The underlying competitive picture is worth framing clearly. Chinese AI labs operate under structural constraints that Western labs don't: no direct access to frontier Western APIs, limited ability to benchmark against leading models directly, and intense pressure to ship competitive products. Those constraints create strong incentives for indirect extraction. The technical barrier, as long as API access is obtainable through third-party jurisdictions, is not high.

What Happens Next

More aggressive API monitoring and account verification are the obvious responses. Rate limiting, behavioral anomaly detection, and account pattern analysis all become more important as extraction campaigns become better documented.
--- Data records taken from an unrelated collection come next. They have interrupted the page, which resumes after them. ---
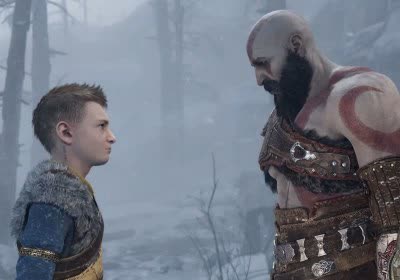 cory barlog god war ragnarok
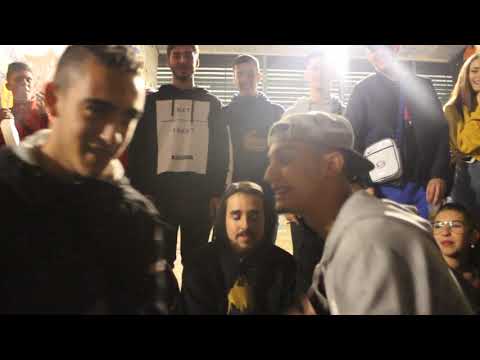 (BATALLÓN) JURSE & EL PERILLAS vs CANASTERO & IKUR - CUARTOS // REVENGE 2VS2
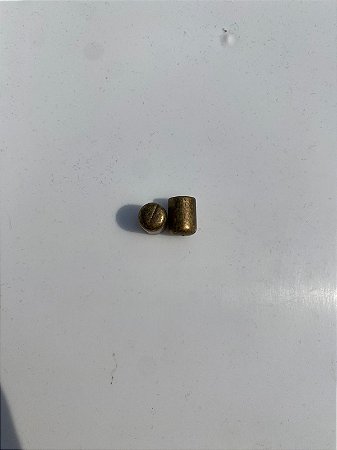 Ponteira para corda 0.6mm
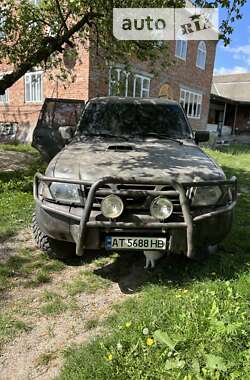 Внедорожник / Кроссовер Nissan Patrol 1998 в Ярмолинцах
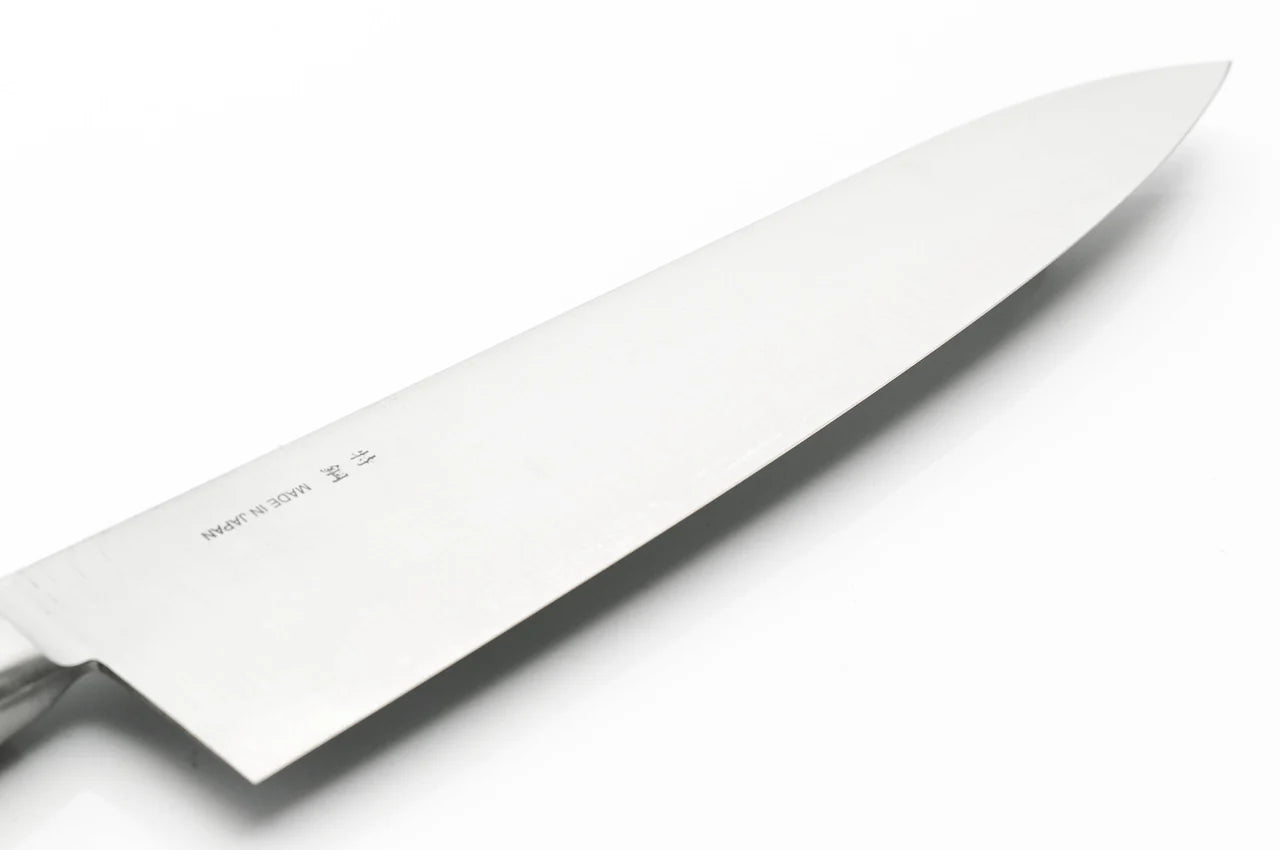 Special Carbon Steel Gyuto (Japanese Chef's Knife)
These measures raise the cost of running such an operation; they don't eliminate the incentive.

The named companies haven't responded substantively in public. DeepSeek's efficiency narrative, MiniMax's model quality claims, and Moonshot's product positioning all face a reputational complication that wasn't present before Anthropic's disclosure.

For context on where AI capabilities are heading more broadly, the ChatGPT Agent analysis from earlier this month covers how autonomous AI systems are expanding what users can actually do with frontier models. The distillation episode sits inside that same competitive race: labs extracting signal from each other because the output quality gap between top-tier models is closing faster than the compute and data gaps that produced it.

One thing that's clearly true: distillation is a standard ML technique. Prohibiting it through terms of service makes it a violation, but doesn't make it technically difficult. The line between legitimate API use, competitive benchmarking, and extraction campaigns is real. The scale described here puts it firmly on one side of that line. How many smaller campaigns have run undetected is, by definition, unknown.